*Task details*.
Return the lines below exactly, from the first line to the line that contains "The vibrating piano". Leave out pictures.

Collected data
◆ ◆ ◆ ◆ ◆ ◆ ◆

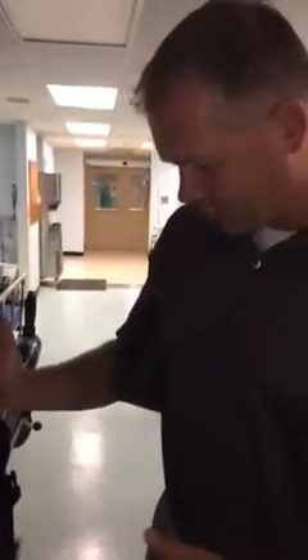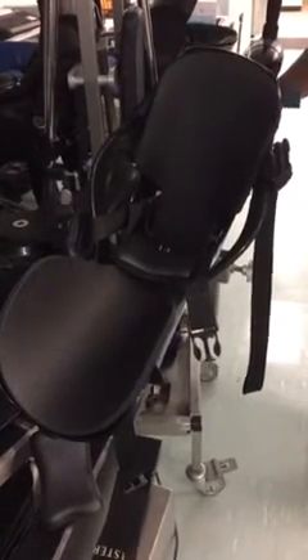Hey guys, this is the Steris OrthoVision — I believe it's the 1100 distraction system. And as you can see, it's going to be very similar to most of the other ones that you're familiar with.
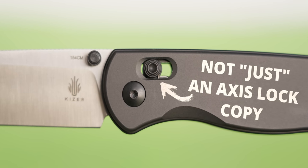This is the new DropBear from Kaiser Knives, and this lock is about to change the AXIS lock game. Since it's a brand new knife, I'm going to give you a couple key specs and show you why this thing is so special.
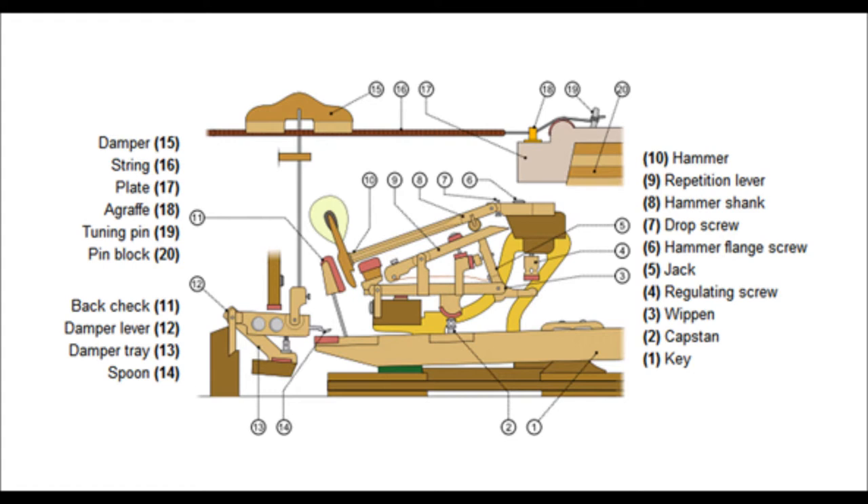The vibrating piano strings themselves are not very loud, but their vibrations are transmitted to a large soundboard that moves air and then converts the energy to sound.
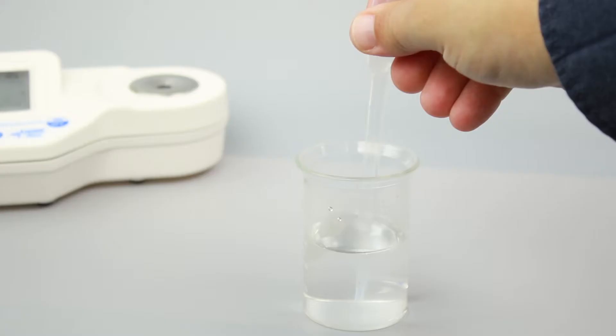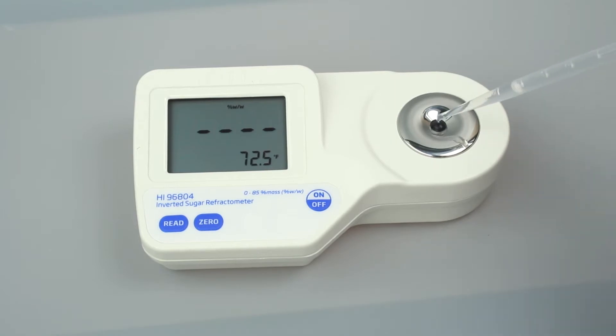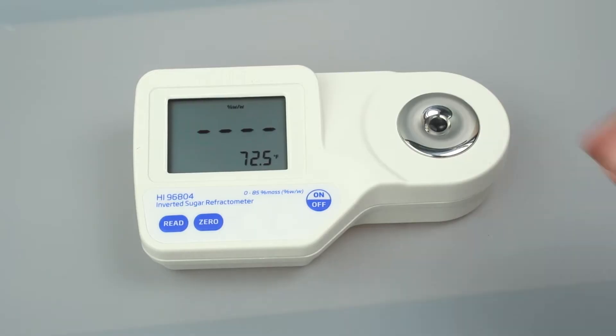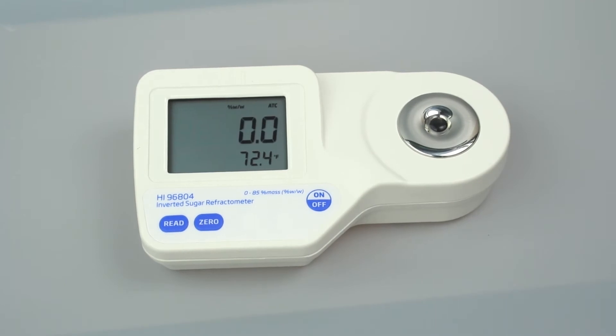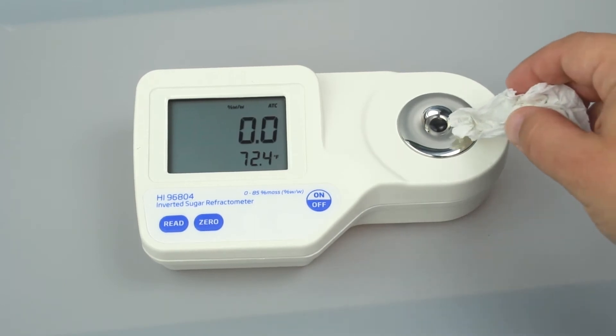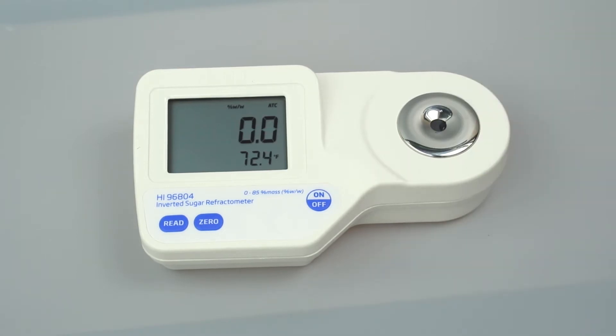Calibration is essential for refractometer operations and takes just a few seconds. We recommend calibrating before each use. To calibrate your refractometer, fill a plastic pipette with deionized water and cover the sample prism with just a few drops. If there is a strong light source nearby, cover the prism with your hand. Press the 0 button. Once 0 appears on the screen, use a soft tissue to absorb the deionized water off the prism. After calibration, the refractometer is ready for measurements.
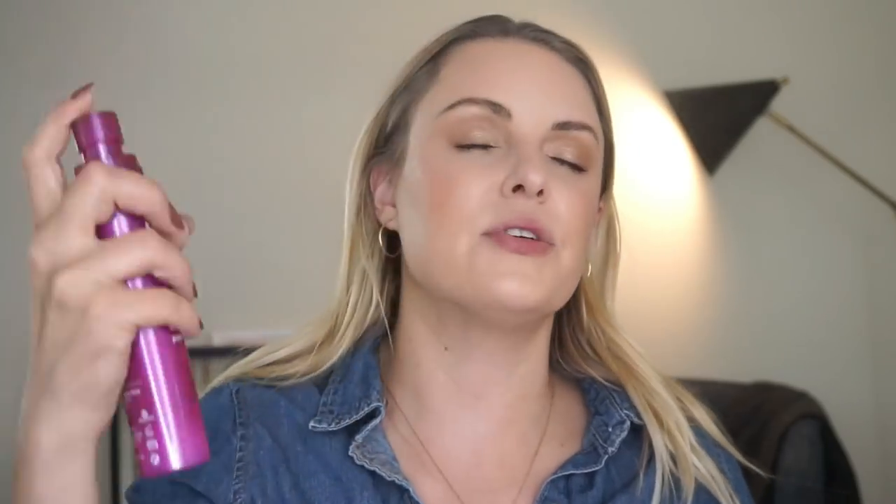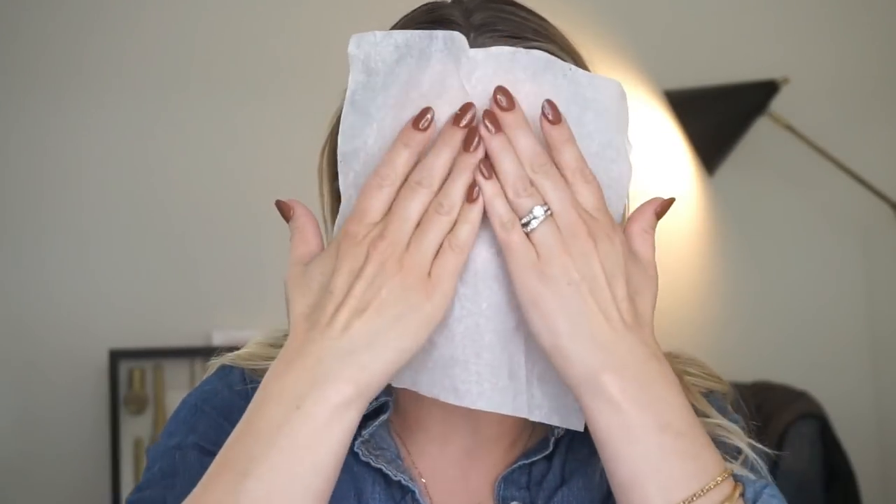Now what I like to do is spray my face with a rehydrating spray. Don't spray it too much over your eyes because then you have to redo your mascara and everything. Take your other tissue and blot that off.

◆ ◆ ◆ ◆ ◆ ◆ ◆

*Written response*.
Hey guys, this is the Steris OrthoVision — I believe it's the 1100 distraction system. And as you can see, it's going to be very similar to most of the other ones that you're familiar with.
This is the new DropBear from Kaiser Knives, and this lock is about to change the AXIS lock game. Since it's a brand new knife, I'm going to give you a couple key specs and show you why this thing is so special.
The vibrating piano strings themselves are not very loud, but their vibrations are transmitted to a large soundboard that moves air and then converts the energy to sound.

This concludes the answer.